И читателю не надо знать английского подлинника и не надо угадывать его «так безошибочно», чтоб увидеть, что ему попросту дурят голову[5].
Но зачем же так наивно, так по-детски обманывать читателя?
Я думаю, Чуковский просто не мог иначе. Взявшись писать о Маяковском, он автоматически включался в ту всеобщую систему вранья, которая вокруг Маяковского существовала и непрерывно подпитывалась эманацией его личности. Можно даже сказать, что здесь не было обмана, а правдивое существование в системе лжи. Потому что и читатель, взявшись читать о Маяковском, не ждал от автора никакой правды, а ждал очередной занятной легенды и заранее обещал не замечать противоречий:
Ах, обмануть меня не трудно!Я сам обманываться рад!

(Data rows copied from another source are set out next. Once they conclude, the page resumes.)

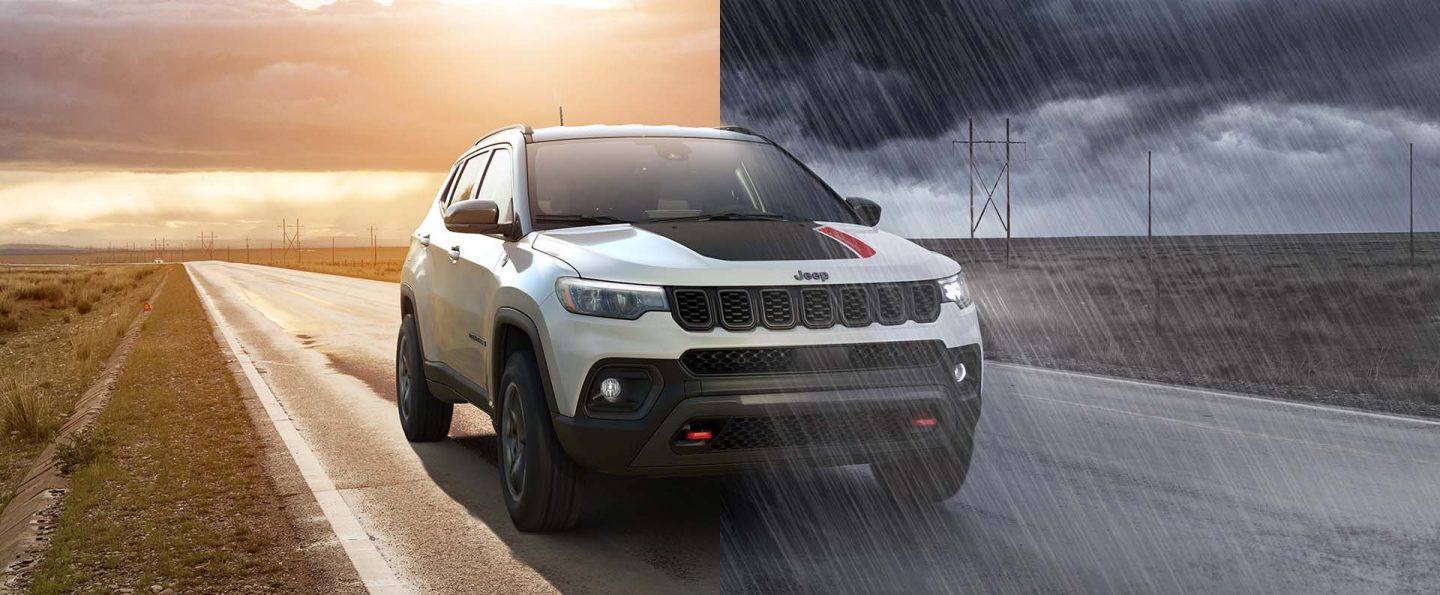 A split-screen of a white 2026 Jeep Compass Trailhawk with black hood insert, traveling on a highway between two open fields. On the left, it is a clear day at sunset; and on the right, a dark, cloudy sky pours heavy rain on the highway.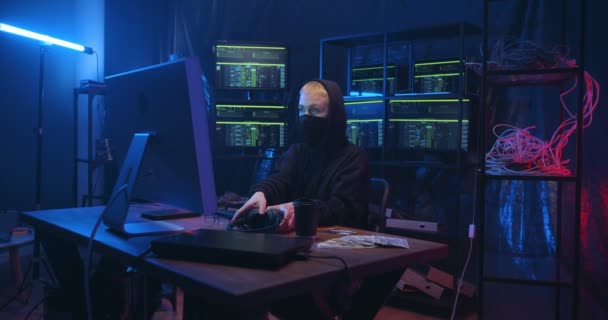 ウイルスプログラムを作成しながら、ヘッドフォンやマスクで深刻な白人女性は、コンピュータの大きな画面の前に座っている。オンラインサーバーでデータを盗む閉鎖顔を持つ女性匿名のサイバー犯罪者. — ストック動画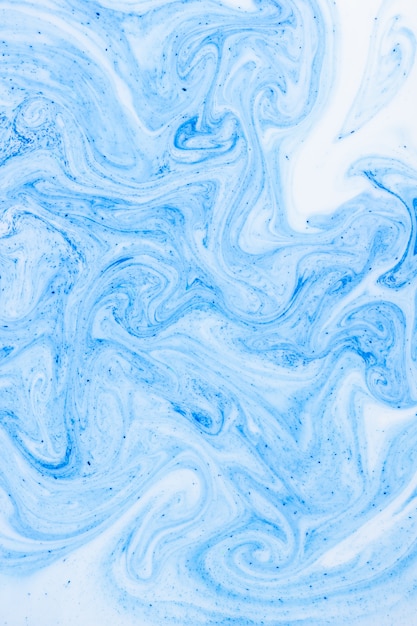 Photo fluid art with white blue color. abstract multicolored background. blue white texture. colored paint stains in liquid. fantastic iridescent colors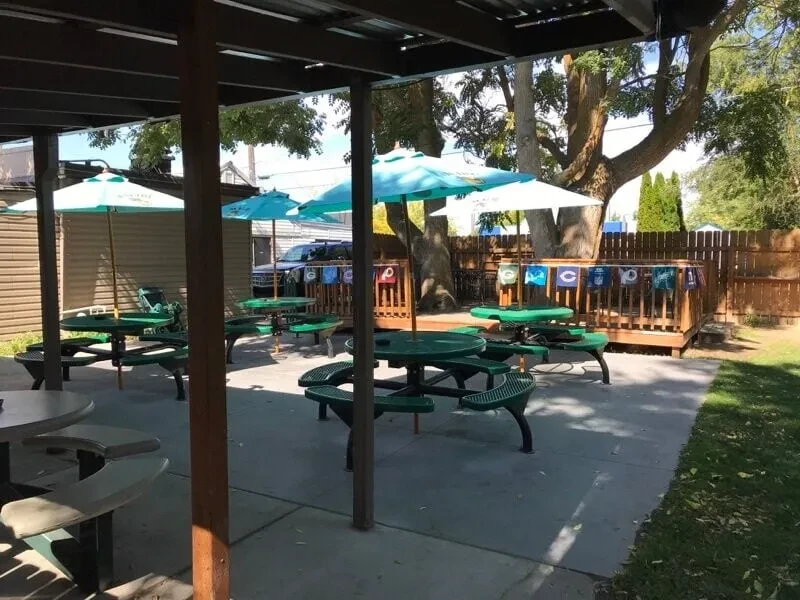 Concrete patio with green picnic tables, blue umbrellas, sports banners.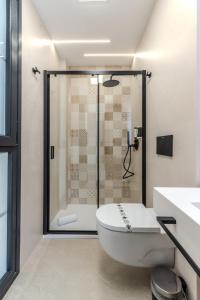 a bathroom with a shower and a white toilet at Apartamentos La Basílica by BeAlicante in Alicante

Глава четвертая. Братья-разбойники
1
Разумеется, массовость вранья о Маяковском объясняется не только его личными свойствами. То была организованная сверху кампания, ее старт был дан великой резолюцией, а финиша до сих пор не предвидится. Но особенность этой кампании в том, что объект ее не остается пассивным, а активно сотрудничает с каждым участником, каждый раз оборачиваясь под нужным углом.
Так было не всегда, и в 1920 году, когда тот же Чуковский лучше помнил детали событий, а главное, был чуть более свободен в своих суждениях, он писал о Маяковском несколько иначе:
Порою кажется, что стихи Маяковского, несмотря на буйную пестроту его образов, отражают в себе бедный и однообразный узорчик бедного и однообразного мышления, вечно один и тот же, повторяющийся, точно завиток на обоях…
В самых патетических местах он острит, каламбурит, играет словами, потому что его пафос – не из сердца, потому что каждый его крик – головной, сочиненный, потому что вся его пламенность – деланая.